N° RG 20/03858 - N° Portalis DBV2-V-B7E-ITSY
COUR D'APPEL DE ROUEN
CHAMBRE SOCIALE ET DES AFFAIRES DE
SECURITE SOCIALE
ARRET DU 02 MARS 2023
DÉCISION DÉFÉRÉE :
Jugement du CONSEIL DE PRUD'HOMMES DE ROUEN du 27 Octobre 2020
APPELANT :
Monsieur [T] [O]
[Adresse 1]
[Localité 4]
représenté par Me Vanessa JONES de la SELARL VANESSA JONES, avocat au barreau du HAVRE
INTIMEE :
Société THELEM ASSURANCES
[Adresse 5]
[Localité 2]
représentée par Me Valérie GRAY de la SELARL GRAY SCOLAN, avocat au barreau de ROUEN
COMPOSITION DE LA COUR :
En application des dispositions de l'article 805 du Code de procédure civile, l'affaire a été plaidée et débattue à l'audience du 13 Décembre 2022 sans opposition des parties devant Madame ALVARADE, Présidente, magistrat chargé du rapport.
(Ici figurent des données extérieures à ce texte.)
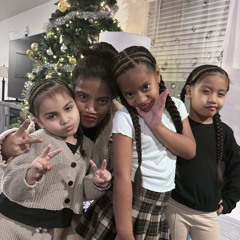 Gracia Lukkun Zachaias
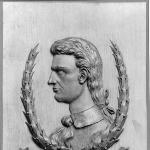 Francis Pastorius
Le magistrat rapporteur a rendu compte des plaidoiries dans le délibéré de la Cour composée de :
Madame LEBAS-LIABEUF, Présidente
Madame ALVARADE, Présidente
Madame BACHELET, Conseillère
GREFFIER LORS DES DEBATS :
Mme DUBUC, Greffière
DEBATS :
A l'audience publique du 13 Décembre 2022, où l'affaire a été mise en délibéré au 02 Février 2023, date à laquelle le délibéré a été prorogé au 02 Mars 2023
ARRET :
CONTRADICTOIRE
Prononcé le 02 Mars 2023, par mise à disposition de l'arrêt au greffe de la Cour, les parties en ayant été préalablement avisées dans les conditions prévues au deuxième alinéa de l'article 450 du Code de procédure civile,
signé par Madame ALVARADE, Présidente et par Mme WERNER, Greffière.
FAITS ET PROCÉDURE
La Société Thélem Assurances est une société d'assurance mutuelle qui dispose d'un réseau d'agences générales réparties sur le territoire national pour la commercialisation de ses produits d'assurance et la gestion de son portefeuille clients. Ses relations avec ses agents généraux sont définies aux termes d'un mandat dénommé « Traité de nomination ».
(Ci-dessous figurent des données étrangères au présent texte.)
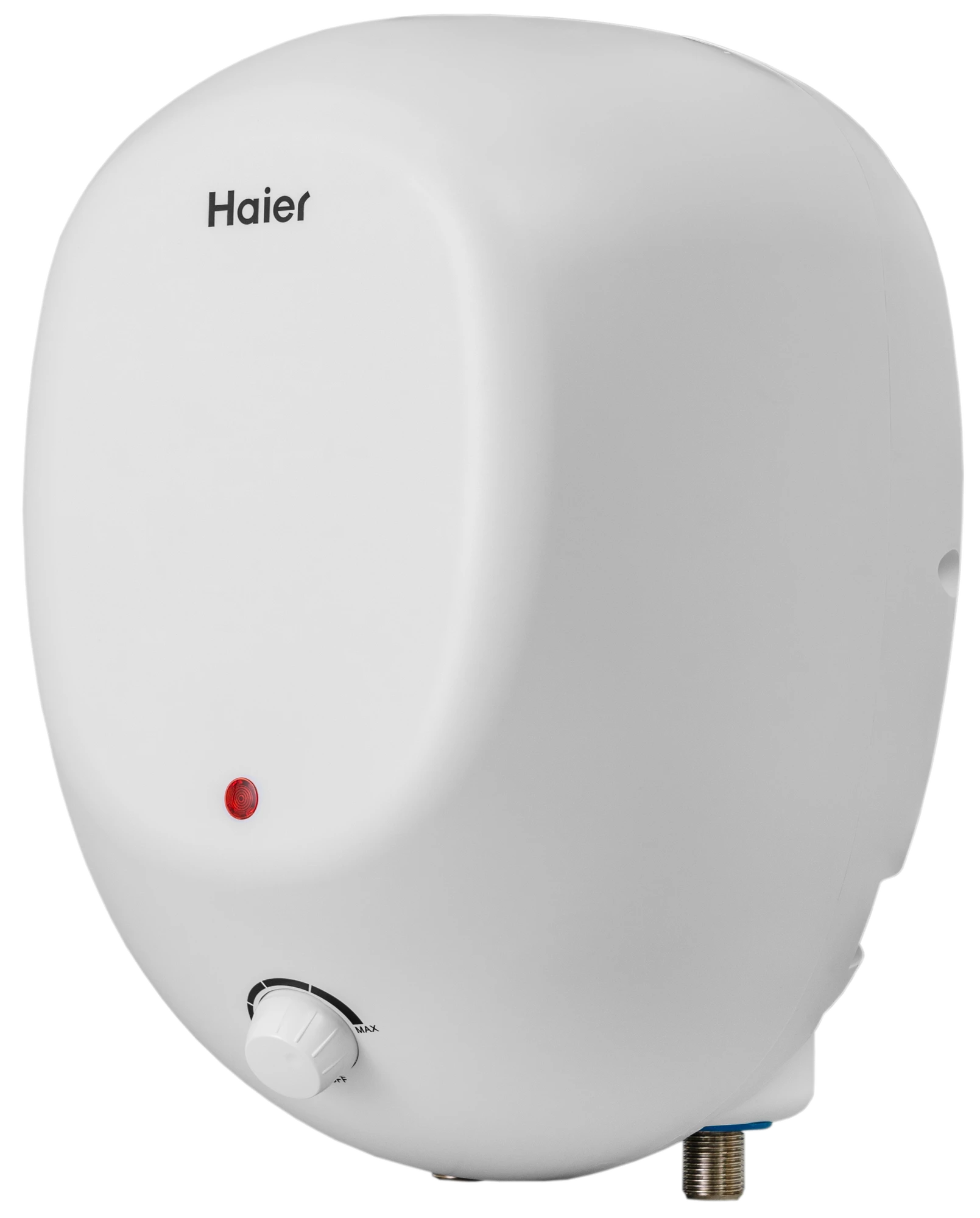 Водонагреватель Haier ES8V-Q1(R)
C'est dans ce cadre que le 30 mai 2008, la société Thélem assurances et M. [T] [O], exerçant la profession d'agent général indépendant, ont conclu un traité de nomination - mandat de gestion du portefeuille de clients au sein des agences de [Localité 6] et [Localité 3], et en dernier lieu, [Localité 4].
Le 27 mars 2015, l'inspecteur régional a réalisé un bilan de l'activité commerciale et du développement de l'agence à la suite duquel il a établi un compte-rendu le 7 avril 2015 permettant de relever des résultats négatifs et émis une alerte quant à la performance globale de l'agence.
Par lettre recommandée avec demande d'avis de réception du 1er février 2019, la société a adressé à M. [O] une mise en garde formelle conformément aux dispositions du protocole d'accord du 17 décembre 1996 intégré au mandat d'agent général, lui indiquant envisager de prononcer la révocation du mandat pour insuffisance de production en l'absence d'évolution significative de l'activité commerciale au 30 avril 2019.
Par courrier recommandé du 1er avril 2019, M. [O] a, par la voie de son conseil, revendiqué l'existence d'un contrat de travail et mis en demeure la société de régulariser sa situation.
Suivant requête du 9 mai 2019, il a saisi la juridiction prud'homale afin d'obtenir la requalification de son mandat en contrat de travail à durée indéterminée.
Le 29 mai 2019, la société a prononcé la révocation du mandat qui lui a été confié pour insuffisance de production.
Par jugement du 27 octobre 2020, le conseil de prud'hommes de Rouen a jugé l'action de M. [O] recevable mais dit n'y avoir lieu à requalification du mandat d'agent général en contrat de travail, l'a débouté de l'ensemble de ses demandes et l'a condamné à verser à la société la somme de 600 euros au titre de l'article 700 du code de procédure civile ainsi qu'aux entiers dépens.
M. [O] a interjeté appel le 27 novembre 2020.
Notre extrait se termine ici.